*Data excerpt:*
'''
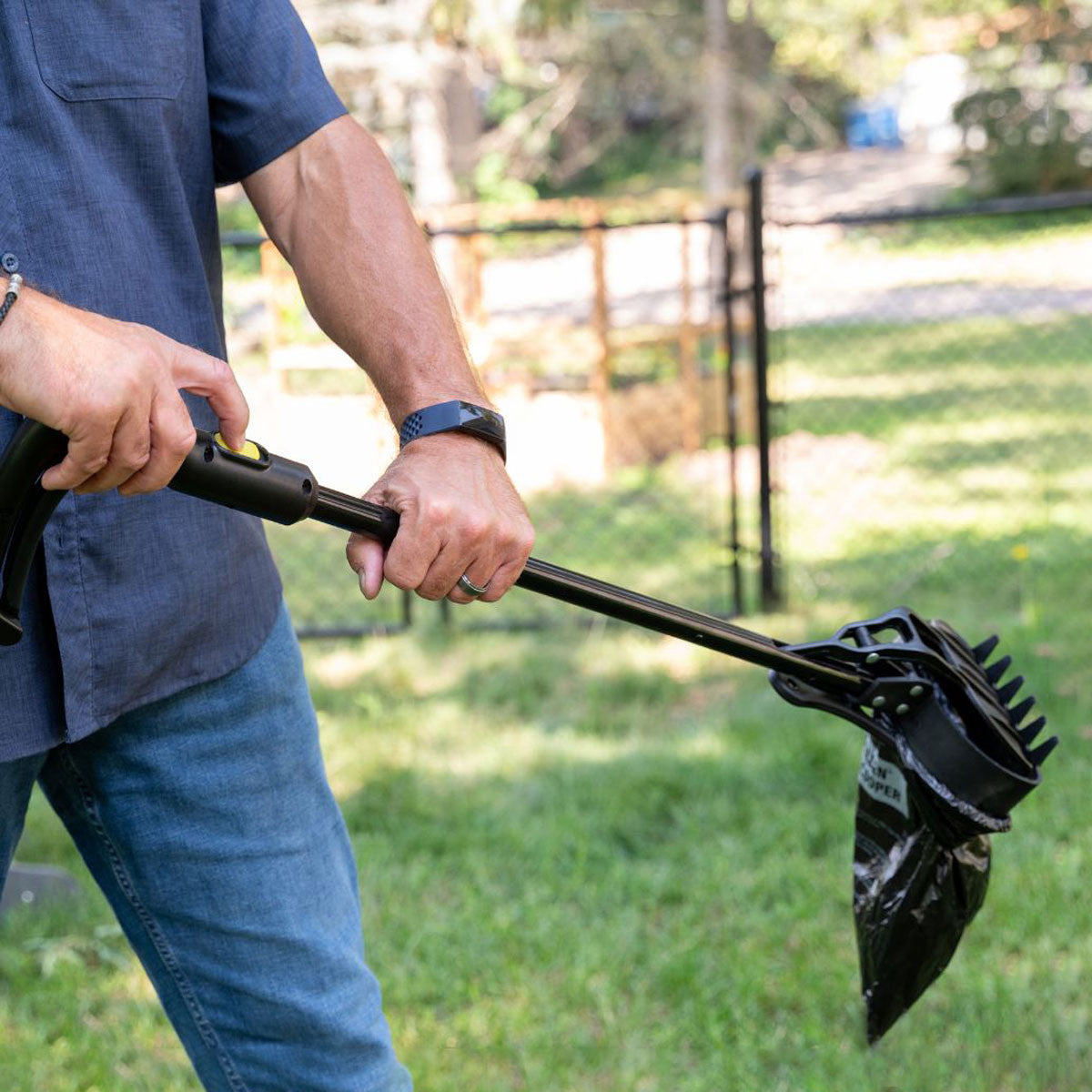 The Walden Simple Scooper - Dog Waste Scoop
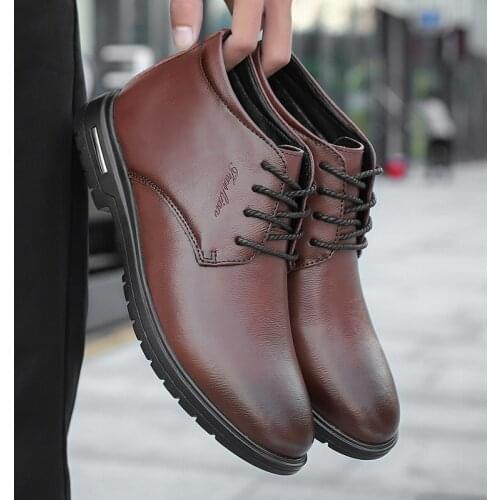 Winter mens casual leather shoes flannel high-top mens shoes casual shoes rubber sole to keep warm Winter mens shoes 38-47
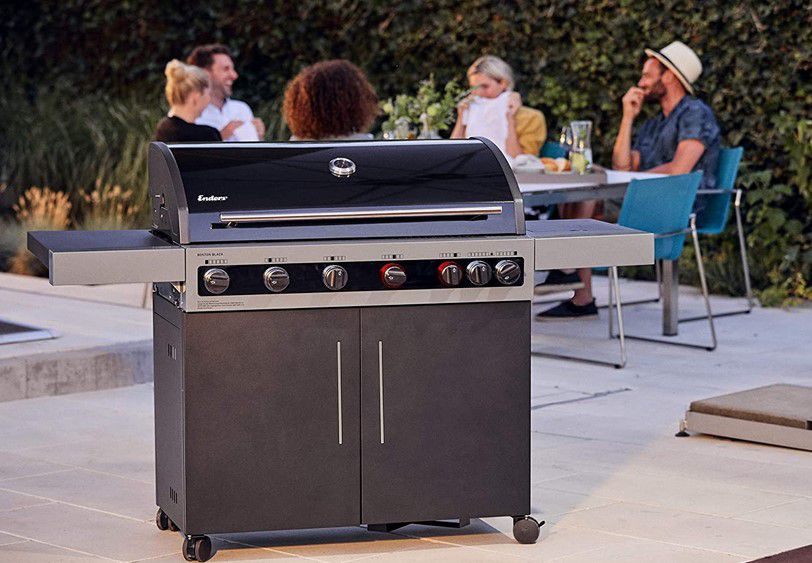 Enders Boston 6 KR Turbo Black Gasgrill mit 800° Zone für 579€ (statt 699€)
'''
*What the task asks:*
The lines running from the one with "Winter mens casual" to the close of the material above are to be retyped exactly; no picture is to be included.

*Exercise response:*
 Winter mens casual leather shoes flannel high-top mens shoes casual shoes rubber sole to keep warm Winter mens shoes 38-47
 Enders Boston 6 KR Turbo Black Gasgrill mit 800° Zone für 579€ (statt 699€)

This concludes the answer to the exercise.